Exercise: All lines in the data that hold the word "Used" need copying.

[[ Data records, beginning ]]

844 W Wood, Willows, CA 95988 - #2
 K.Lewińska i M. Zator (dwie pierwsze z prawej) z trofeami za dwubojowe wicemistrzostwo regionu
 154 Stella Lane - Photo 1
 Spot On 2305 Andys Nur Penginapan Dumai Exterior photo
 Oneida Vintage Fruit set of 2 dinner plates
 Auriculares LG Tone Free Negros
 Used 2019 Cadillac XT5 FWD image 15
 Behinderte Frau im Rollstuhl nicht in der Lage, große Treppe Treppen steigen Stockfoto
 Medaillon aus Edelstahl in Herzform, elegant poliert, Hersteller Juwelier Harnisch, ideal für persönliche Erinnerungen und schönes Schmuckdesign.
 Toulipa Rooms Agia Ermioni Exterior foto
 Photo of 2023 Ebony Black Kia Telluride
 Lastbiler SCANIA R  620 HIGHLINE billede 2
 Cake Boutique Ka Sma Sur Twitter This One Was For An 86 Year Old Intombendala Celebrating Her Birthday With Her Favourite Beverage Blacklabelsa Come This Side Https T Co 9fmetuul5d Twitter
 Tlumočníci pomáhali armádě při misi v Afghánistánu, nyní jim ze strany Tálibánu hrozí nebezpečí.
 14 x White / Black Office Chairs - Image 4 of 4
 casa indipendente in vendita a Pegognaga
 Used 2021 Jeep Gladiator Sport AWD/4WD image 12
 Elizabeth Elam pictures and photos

[[ Data records, end ]]

Solution:
 Used 2019 Cadillac XT5 FWD image 15
 Used 2021 Jeep Gladiator Sport AWD/4WD image 12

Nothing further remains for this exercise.